You told me how you found someone else.
How I had looked forward to hanging out with you for so long
just for you to tell me you almost canceled on me.
I cried last Christmas.
I don't want to cry this Christmas.
I don't want to love you anymore.
I don't.
But oh my God, do I love you.
And I dreaded coming home for the holidays.
Reliving a lot of those feelings.
I couldn't even get into the Christmas mood because
I wanted to play Christmas songs, except I kept changing them.
Cause it wasn't the most wonderful time of the year.
Instead I played, "Tis the Damn Season," by Taylor Swift.
The same song I played last Christmas.
And wondered if you missed me.
Wondered if you still cared.
You ruined Christmas for me.
Turns out, that out of sight, out of mind,
only works when your heart is ready to let go,
So while I want more than anything to stop thinking about you.
To move on.
To stop asking myself what could have been.
My heart won't let me.
I think I'm starting to realize
that you'll always have a little piece of it.
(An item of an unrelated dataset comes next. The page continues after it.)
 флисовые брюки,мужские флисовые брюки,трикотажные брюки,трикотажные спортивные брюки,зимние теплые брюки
Whether you know it or not.
So I post one Snapchat
of our beautiful Christmas lighted town square
in hopes that maybe you'll respond.
Maybe you won't even look at it.
But at least then I would know.
I drive home and crawl into bed.
One ping.
One Snapchat reply.
"How long are you in town?"
I can't hang out with you.
Even though deep down I would pull up right now
if you told me too.
Maybe I should just tell you.
Tell you that I can't hang out with you.
Tell you why.
Say all the words I've been holding in since this time last year.
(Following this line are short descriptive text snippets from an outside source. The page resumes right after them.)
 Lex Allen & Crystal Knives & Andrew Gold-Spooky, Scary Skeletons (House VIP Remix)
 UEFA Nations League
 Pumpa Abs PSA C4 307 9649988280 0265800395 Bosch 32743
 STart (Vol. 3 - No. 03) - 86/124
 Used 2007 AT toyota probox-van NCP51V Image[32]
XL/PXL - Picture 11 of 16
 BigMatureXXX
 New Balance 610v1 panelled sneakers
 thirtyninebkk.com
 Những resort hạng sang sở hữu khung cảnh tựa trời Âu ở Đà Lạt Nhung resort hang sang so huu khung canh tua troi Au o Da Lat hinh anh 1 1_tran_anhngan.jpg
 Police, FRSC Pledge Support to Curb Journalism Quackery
But with your one reply my heart is pounding in my chest.
And a familiar achy sensation takes over.
I can't put my heart through all this again.
"I leave tomorrow." I reply.
and I go to bed.
I woke up to a message,
"Dang, we need to hang soon."
I would love to.
I really would.
I would love to tell you everything I've been going through.
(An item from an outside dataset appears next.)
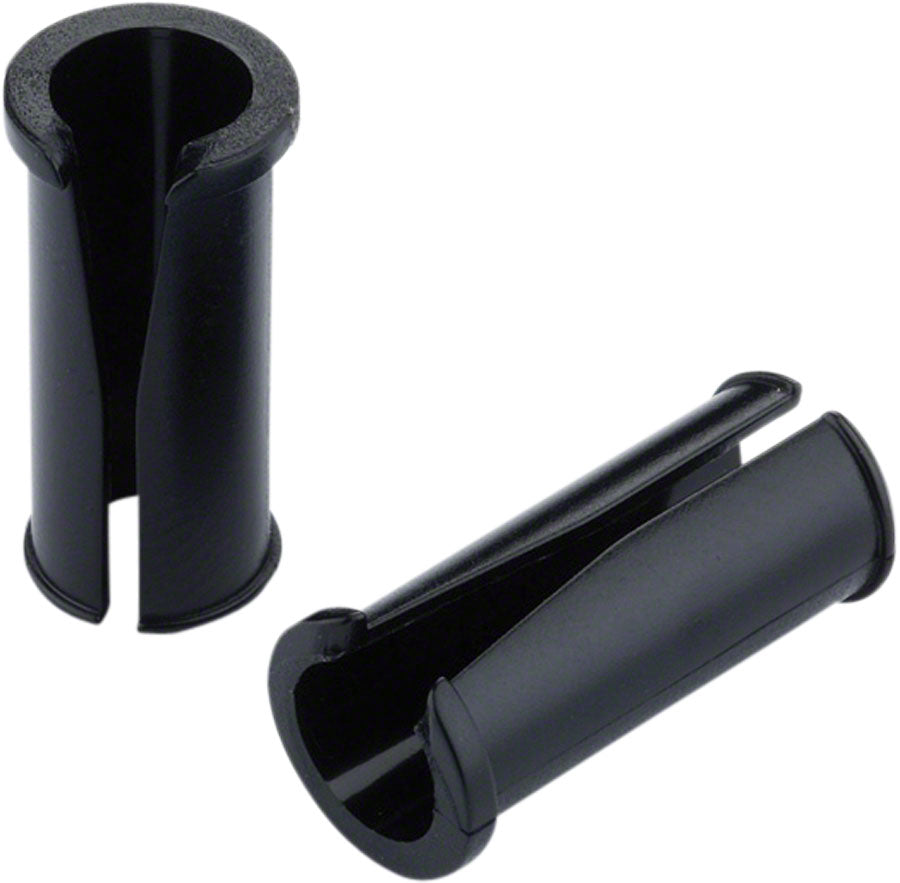 Jagwire 4/5mm Wedge Type Housing or Hose Guide Bag of 50-Goodwynn'sGoodwynn's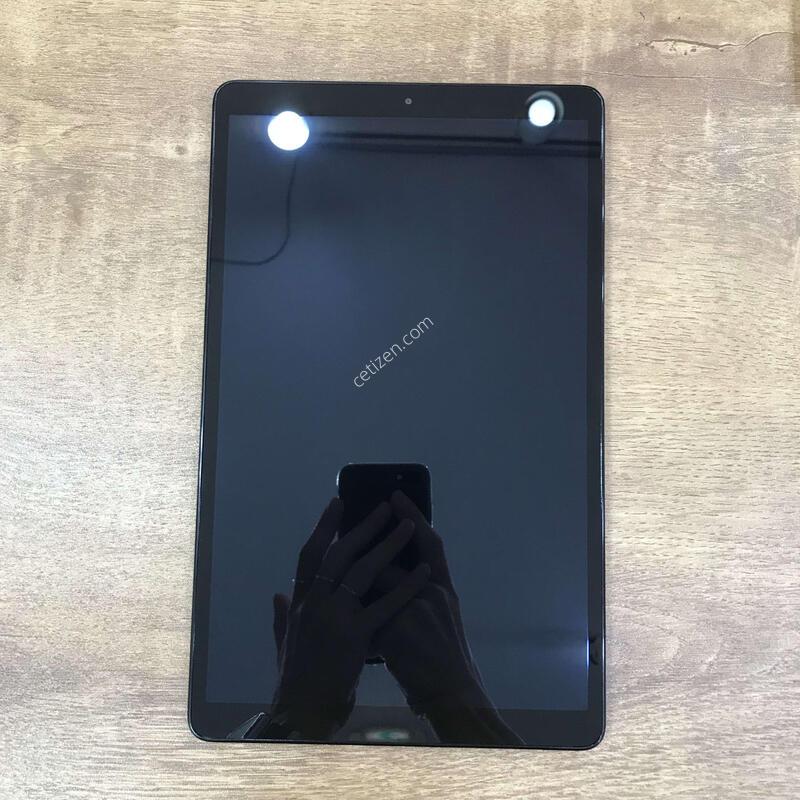 ������ �� A 10.1 2019 LTE/�׷���/�ܰ��ֻ�/���ܻ�/�����ϰ��Ǹ��մϴ�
But I don't want to hear about you.
I don't want to hear about your ex and whoever you're sleeping with now.
I know you'll tell me.
You always do.
Breaking my heart is the only thing I can predict from you.
So I don't reply.
I pack up my bags and I leave town.
Feeling a little bit better.
I miss you and I want to talk to you.
And I hate the thought that I might be hurting your feelings
during my healing process.
But maybe I'm not cause you don't care that far.
Just far enough for me to validate your feelings and tell you how great you are.
I don't know.
All I know is that you cared enough to still respond to me.
And I needed that.
I hope you feel loved by others today.
I hope you feel happiness and belonging.
I hope you feel hopeful for better things
and better people to come.
I hope you feel all the things that I am struggling to feel right now.
I want all those things and more for you.
Because you are a good person and you deserve it.
I hope you find whatever it is your'e looking for.
Even if I'm not the one.
Merry Christmas.
And may it be the last one you ruin for me.